• _TASK GOAL_: All of the data should be given again word for word, though the images are to be left out.

• _Crawled caption data_:
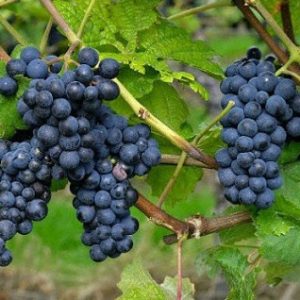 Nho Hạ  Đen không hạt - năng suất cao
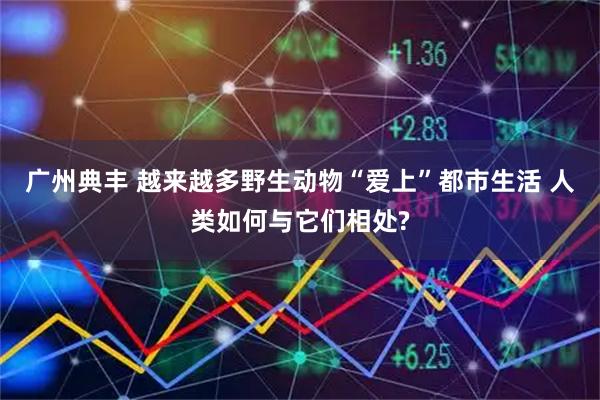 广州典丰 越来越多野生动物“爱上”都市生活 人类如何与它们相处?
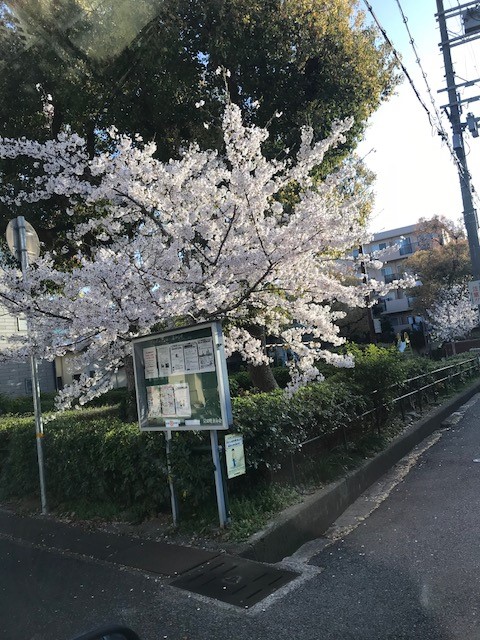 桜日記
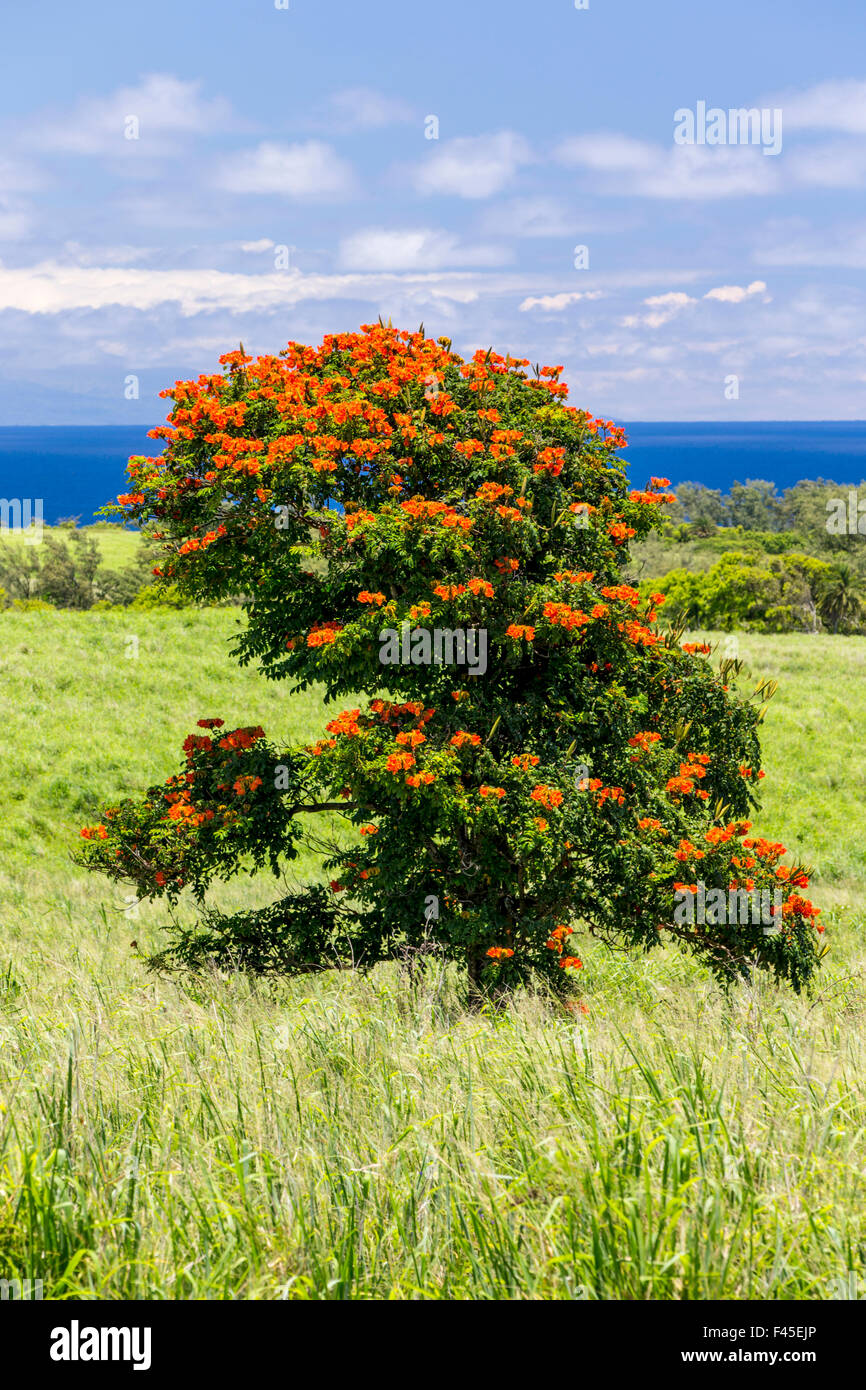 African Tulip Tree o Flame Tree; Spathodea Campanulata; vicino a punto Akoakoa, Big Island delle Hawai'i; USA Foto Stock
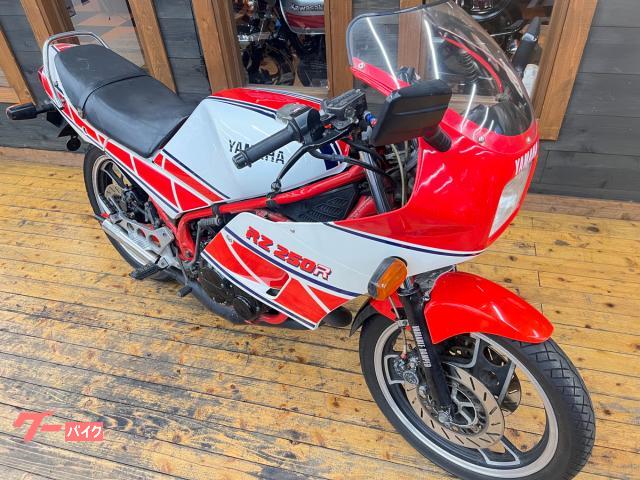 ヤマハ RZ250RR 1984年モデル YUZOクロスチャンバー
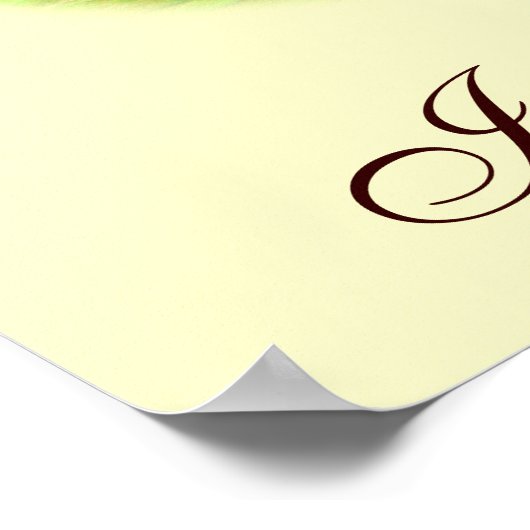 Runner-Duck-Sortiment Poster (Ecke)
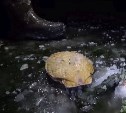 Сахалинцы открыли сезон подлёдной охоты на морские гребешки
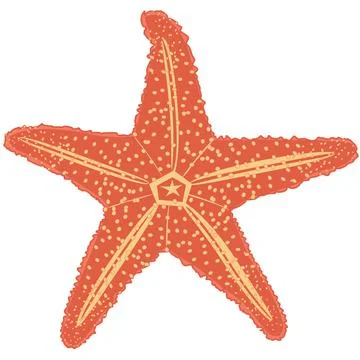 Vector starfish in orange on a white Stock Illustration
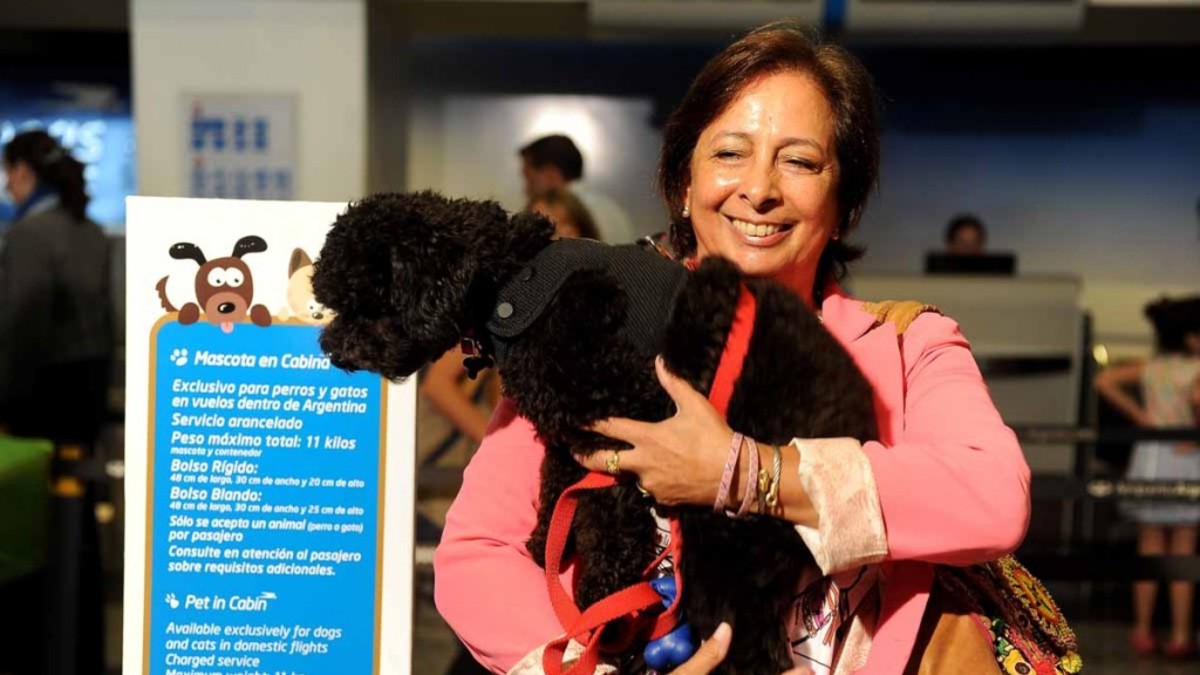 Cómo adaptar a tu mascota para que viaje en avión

• _RESPONSE AREA_:
 Nho Hạ  Đen không hạt - năng suất cao
 广州典丰 越来越多野生动物“爱上”都市生活 人类如何与它们相处?
 桜日記
 African Tulip Tree o Flame Tree; Spathodea Campanulata; vicino a punto Akoakoa, Big Island delle Hawai'i; USA Foto Stock
 ヤマハ RZ250RR 1984年モデル YUZOクロスチャンバー
 Runner-Duck-Sortiment Poster (Ecke)
 Сахалинцы открыли сезон подлёдной охоты на морские гребешки
 Vector starfish in orange on a white Stock Illustration
 Cómo adaptar a tu mascota para que viaje en avión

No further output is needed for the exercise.